How to create the ground truth label mask for pascal voc 11 segmentation set.

6,896 views
Skip to first unread message

beng...@gmail.com

unread,
Jul 8, 2015, 10:35:00 PM7/8/15
to caffe...@googlegroups.com
Hi, anyone can tell me how to create the ground truth label mask for implementing fully convolution networks?
In pascal voc dataset, the segmentation data has been annotated with different color for different class of object. 

But how can I know which color represent which class ? 

Gavin Hackeling

unread,
Jul 9, 2015, 7:28:44 PM7/9/15
to caffe...@googlegroups.com
The colors should be converted into integer class indices. If the segmentation masks are RGB images with the shape 3 x height x width, you should produce an array with the shape 1 x height x width where each pixel is an integer label.

Hope that helps,
Gavin

Ben

unread,
Jul 9, 2015, 9:35:37 PM7/9/15
to caffe...@googlegroups.com
Thanks, Gavin, it's exactly right, I should produce label mask with the shape like 1 x height x width, and each pixel should be label range{0,1,2, ... 20} . 
And I've got another question: in the deploy.prototxt, the input data dimension is 1 x 3 x 500 x 500, but the size of images are actually not 
500 x 500, how to handle this? Do I have to reshape the images to 500 x 500? Does this influence the final evaluation?

Gavin Hackeling

unread,
Jul 9, 2015, 9:45:42 PM7/9/15
to Ben, caffe...@googlegroups.com
Yes, I would reshape the images to 500x500. The predictions should not be degraded so long as you preserve the images' aspect ratios.

--
You received this message because you are subscribed to the Google Groups "Caffe Users" group.
To unsubscribe from this group and stop receiving emails from it, send an email to caffe-users...@googlegroups.com.
To post to this group, send email to caffe...@googlegroups.com.
To view this discussion on the web visit https://groups.google.com/d/msgid/caffe-users/a8daeec7-ce24-46ec-a75d-dd31c728a637%40googlegroups.com.
For more options, visit https://groups.google.com/d/optout.

Ben

unread,
Jul 9, 2015, 10:07:04 PM7/9/15
to caffe...@googlegroups.com, beng...@gmail.com
Thanks, I'll try. 

Evan Shelhamer

unread,
Jul 25, 2015, 2:05:14 AM7/25/15
to Ben, caffe...@googlegroups.com
There's no need to resize the input images. The dimensions in the deploy net are purely for the sake of example. When the data layer batch size == 1 the net is reshaped for each input, so that each training image and ground truth pair are taken at their original size. This reshaping operation is essentially instantaneous in most cases (although it needs to reallocate at times for larger inputs).
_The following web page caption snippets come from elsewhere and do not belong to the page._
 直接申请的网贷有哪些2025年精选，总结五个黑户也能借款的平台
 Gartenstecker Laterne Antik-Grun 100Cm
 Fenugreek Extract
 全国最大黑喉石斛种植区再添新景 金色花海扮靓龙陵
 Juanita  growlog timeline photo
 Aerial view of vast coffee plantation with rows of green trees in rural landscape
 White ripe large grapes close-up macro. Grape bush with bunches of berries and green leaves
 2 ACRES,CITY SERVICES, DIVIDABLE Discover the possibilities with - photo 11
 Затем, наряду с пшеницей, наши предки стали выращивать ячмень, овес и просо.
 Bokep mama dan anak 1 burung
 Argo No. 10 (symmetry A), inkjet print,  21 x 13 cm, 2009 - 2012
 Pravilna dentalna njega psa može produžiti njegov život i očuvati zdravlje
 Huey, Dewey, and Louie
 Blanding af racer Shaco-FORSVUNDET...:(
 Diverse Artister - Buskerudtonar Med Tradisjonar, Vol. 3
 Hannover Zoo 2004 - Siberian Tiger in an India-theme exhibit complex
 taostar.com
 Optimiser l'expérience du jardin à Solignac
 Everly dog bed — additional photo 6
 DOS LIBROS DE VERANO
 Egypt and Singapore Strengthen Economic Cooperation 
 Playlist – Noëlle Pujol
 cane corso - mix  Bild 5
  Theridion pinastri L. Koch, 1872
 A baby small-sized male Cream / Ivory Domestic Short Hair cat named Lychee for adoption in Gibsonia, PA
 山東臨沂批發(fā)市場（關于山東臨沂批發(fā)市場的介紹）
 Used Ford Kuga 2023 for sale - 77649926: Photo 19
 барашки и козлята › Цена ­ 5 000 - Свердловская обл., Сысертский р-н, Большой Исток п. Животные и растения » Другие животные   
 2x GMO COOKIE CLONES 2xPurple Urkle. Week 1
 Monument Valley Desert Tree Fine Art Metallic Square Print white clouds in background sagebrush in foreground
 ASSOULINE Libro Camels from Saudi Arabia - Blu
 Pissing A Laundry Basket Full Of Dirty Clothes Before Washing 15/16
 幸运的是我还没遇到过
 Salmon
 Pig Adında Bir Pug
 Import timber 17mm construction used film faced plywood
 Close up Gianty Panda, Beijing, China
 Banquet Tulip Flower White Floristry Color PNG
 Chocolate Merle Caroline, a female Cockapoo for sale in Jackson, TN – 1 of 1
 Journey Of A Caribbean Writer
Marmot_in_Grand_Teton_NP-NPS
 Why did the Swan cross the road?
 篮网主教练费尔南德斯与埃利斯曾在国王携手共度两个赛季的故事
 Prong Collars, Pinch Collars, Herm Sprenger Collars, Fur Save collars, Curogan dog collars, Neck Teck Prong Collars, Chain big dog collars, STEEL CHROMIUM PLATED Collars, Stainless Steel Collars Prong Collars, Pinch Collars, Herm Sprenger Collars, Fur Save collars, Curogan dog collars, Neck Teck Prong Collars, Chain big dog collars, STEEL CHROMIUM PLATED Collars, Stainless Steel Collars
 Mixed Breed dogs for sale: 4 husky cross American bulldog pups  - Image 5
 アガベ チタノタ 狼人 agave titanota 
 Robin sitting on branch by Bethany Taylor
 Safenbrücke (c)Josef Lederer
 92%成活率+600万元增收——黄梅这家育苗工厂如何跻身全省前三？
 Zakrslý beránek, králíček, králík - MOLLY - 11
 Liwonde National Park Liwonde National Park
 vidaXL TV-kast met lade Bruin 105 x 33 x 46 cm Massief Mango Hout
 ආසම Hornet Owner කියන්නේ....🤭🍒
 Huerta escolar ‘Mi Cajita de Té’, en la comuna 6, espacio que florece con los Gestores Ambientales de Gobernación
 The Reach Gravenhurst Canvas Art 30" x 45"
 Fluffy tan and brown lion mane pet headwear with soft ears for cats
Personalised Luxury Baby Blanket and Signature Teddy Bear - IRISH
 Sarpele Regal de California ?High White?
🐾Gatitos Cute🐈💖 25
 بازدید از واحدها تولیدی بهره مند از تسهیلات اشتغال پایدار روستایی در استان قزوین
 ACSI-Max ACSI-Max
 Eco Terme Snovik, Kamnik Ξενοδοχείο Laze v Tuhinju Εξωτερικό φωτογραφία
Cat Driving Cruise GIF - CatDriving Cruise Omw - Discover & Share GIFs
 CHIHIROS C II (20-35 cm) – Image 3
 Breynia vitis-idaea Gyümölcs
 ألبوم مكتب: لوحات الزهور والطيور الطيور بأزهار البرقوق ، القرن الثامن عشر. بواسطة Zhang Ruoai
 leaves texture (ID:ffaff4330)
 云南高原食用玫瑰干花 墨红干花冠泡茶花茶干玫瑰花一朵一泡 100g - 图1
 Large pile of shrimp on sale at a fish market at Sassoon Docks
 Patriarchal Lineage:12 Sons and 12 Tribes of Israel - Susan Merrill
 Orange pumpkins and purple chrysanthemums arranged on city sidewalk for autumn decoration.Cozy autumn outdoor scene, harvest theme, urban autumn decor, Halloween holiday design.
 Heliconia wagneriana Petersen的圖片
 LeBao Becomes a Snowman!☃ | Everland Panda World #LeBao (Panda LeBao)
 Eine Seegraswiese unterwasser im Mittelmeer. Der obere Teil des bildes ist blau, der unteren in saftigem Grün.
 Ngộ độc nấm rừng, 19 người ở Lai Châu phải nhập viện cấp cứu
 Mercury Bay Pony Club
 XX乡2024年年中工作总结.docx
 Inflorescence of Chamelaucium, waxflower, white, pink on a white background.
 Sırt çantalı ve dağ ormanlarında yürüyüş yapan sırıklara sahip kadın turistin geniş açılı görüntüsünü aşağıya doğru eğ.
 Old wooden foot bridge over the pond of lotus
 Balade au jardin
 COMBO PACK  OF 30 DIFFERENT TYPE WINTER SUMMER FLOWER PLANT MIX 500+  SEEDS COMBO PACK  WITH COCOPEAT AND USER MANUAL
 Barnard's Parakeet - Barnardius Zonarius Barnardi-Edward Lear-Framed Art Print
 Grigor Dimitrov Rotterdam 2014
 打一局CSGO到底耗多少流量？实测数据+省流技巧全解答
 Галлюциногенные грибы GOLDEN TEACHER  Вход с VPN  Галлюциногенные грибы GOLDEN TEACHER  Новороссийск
The network and solver definitions and inference and solving scripts for this model zoo FCN show how: https://gist.github.com/shelhamer/80667189b218ad570e82#file-readme-md

I hope that helps you brew your fully convolutional network,

Evan Shelhamer

Ben Gee

unread,
Jul 25, 2015, 8:34:02 PM7/25/15
to Caffe Users, evan.sh...@gmail.com
Thanks, that's right. Actually for some tasks, resizing would sacrifice some information. And when creating the label for each pixel, how do you treat the boundary ? I mean the white pixel on the segmentation ground truth annotations. Did you treat it as background? I evaluated your model, and didn't obtain the same mIU. I'm looking for the problem. 

Evan Shelhamer

unread,
Jul 26, 2015, 1:24:05 AM7/26/15
to Ben Gee, Caffe Users
The void pixels in PASCAL VOC -- the boundary region you mentioned -- are ignored in the loss since they are ignored in the evaluation. That is, the loss is defined as

layer {
  name: "prob"
  type: "SoftmaxWithLoss"
  bottom: "score"
  bottom: "label"
  top: "loss"
  loss_param {
    ignore_label: 255
    normalize: false
  }
}
since void is coded as value 255. The loss is not computed at these pixels.

Evan Shelhamer

Evan Shelhamer

unread,
Aug 2, 2015, 9:14:30 PM8/2/15
to Steve Bengi, caffe...@googlegroups.com
The model zoo FCNs for PASCAL VOC are trained on SBD and evaluated on what we call "seg11valid," which is part of the PASCAL VOC 11 segval split that does not intersect with SBD train, as explained in footnote 7 of the paper.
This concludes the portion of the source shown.